DBpedia Spotlight is an open-source (Apache license) text annotation tool that connects text to Linked Data by marking names of things in text (we call that Spotting) and selecting between multiple interpretations of these names (we call that Disambiguation). For example, “Washington” can be interpreted in more than 50 ways including a state, a government or a person. You can already imagine that this is not a trivial task, especially when we're talking about millions of things and hundreds of types.

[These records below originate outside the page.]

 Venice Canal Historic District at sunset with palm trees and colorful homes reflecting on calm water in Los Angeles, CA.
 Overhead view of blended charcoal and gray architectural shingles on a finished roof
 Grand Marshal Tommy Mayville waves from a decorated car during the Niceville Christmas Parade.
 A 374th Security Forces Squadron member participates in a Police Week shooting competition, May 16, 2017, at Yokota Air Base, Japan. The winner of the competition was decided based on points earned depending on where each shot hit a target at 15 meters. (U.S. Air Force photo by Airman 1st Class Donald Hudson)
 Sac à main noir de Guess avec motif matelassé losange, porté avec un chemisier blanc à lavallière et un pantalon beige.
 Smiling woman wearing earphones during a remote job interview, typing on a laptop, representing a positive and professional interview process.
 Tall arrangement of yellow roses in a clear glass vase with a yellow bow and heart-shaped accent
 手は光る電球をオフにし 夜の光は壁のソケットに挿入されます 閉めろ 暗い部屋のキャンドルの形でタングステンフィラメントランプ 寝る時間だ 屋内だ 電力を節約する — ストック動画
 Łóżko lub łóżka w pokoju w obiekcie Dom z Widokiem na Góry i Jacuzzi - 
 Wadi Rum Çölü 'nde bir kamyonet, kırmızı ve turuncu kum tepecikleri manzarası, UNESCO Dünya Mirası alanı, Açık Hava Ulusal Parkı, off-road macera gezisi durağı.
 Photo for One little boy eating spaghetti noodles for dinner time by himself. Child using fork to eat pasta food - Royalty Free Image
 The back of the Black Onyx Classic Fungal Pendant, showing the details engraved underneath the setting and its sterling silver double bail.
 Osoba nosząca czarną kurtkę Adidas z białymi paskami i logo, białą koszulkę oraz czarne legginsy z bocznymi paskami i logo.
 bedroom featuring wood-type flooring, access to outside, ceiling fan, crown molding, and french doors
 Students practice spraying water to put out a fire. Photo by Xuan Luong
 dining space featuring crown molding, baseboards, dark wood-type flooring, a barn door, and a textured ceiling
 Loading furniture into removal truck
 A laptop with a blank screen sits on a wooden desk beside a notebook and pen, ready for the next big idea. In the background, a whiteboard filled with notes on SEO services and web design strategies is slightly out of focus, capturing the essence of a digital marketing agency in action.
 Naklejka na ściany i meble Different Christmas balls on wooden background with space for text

After three successful GSoC series, we have some brand new and exciting ideas, we hope you will get excited too!

Projects

  • 5.15: Better context vectors for disambiguation For entity disambiguation, DBpedia Spotlight uses a vector model to evaluate similarities between contexts and candidate entities. Word2Vec, GloVe and other models might be very effective replacements for the currently used discrete context vector model. This is a proposal for extending Spotlight to include some these more advanced models and to evaluate if they lead to better disambiguation.
  • Dbpedia Live scaling and new interface This project is divided in two parts: the first is to remove the MySQL database used as cache in the Live extraction; the second is to create an administrative interface where the user will be able to start, stop, queue items and explore a variety of statistics. To remove the MySQL database I’ll introduce an instance of a NoSQL database, MongoDB. The administrative interface will use the open source library Jetty and the real-time updates will be implemented using AJAX.
  • DBpedia Schema Enrichment on Web Protege DBpedia is a crowd-sourced community project aiming to extract the structured content from wikipedia. It allows users to ask sophisticated queries against Wikipedia and to link other datasets on the web to Wikipedia data. The goal of this project is to improve the quality of the data by Scheme Enrichment using the machine learning framework DL-Learner. It will be realized by implementing a DL-Learner-plugin for the collaborative ontology editor WebProtege.
  • Fact Extraction from Wikipedia Text The goal is to extract factual information from free text coming from Wikipedia. Finding an automated way of performing this would give a great boost to the whole DBpedia ecosystem as most of the information is currently extracted from the infoboxes, leaving a considerable amount of data untouched. The idea is to use frame semantics and machine learning to extract relevant information and to classify the facts into an ontology.
  • Get up and walk! - Adding live-ness to the Triple Pattern Fragments server Semantic Web projects have an issue of reliability. The keeping of SPARQL endpoints is expensive, so the Triple Pattern Fragments (TPF) were designed to offload the servers of processing requirements, and put it on the clients to do the processing. This project aims to provide the TPF server with the ability to update its dataset using the triples provided by the live extraction framework; just like the DBPedia Live. In short, we want to make the TPF live.
  • Keyword Search on DBpedia DBpedia is a crowd-sourced community effort to extract structured information from Wikipedia and make this information available on the Web. The aim of this project is to develop a more Google-like (i.e., a scalable keyword-based approach) to search on DBpedia.
  • Parallel processing in DBpedia extraction Framework The project deals with making Distributed DBpedia extraction framework easily accessible via different distributed computing platforms. Scripts will be used to preconfigure the setup part for accessing the DBpedia project. Distributing the workload is expected to provide performance enhancements over the current approach.
  • Remodeling pignlproc for generating Named entity recognition models The aim of the project is to re-build currently running pignlproc. The new remodeled version should run fast and without much issues. The solution should be scalable to different languages.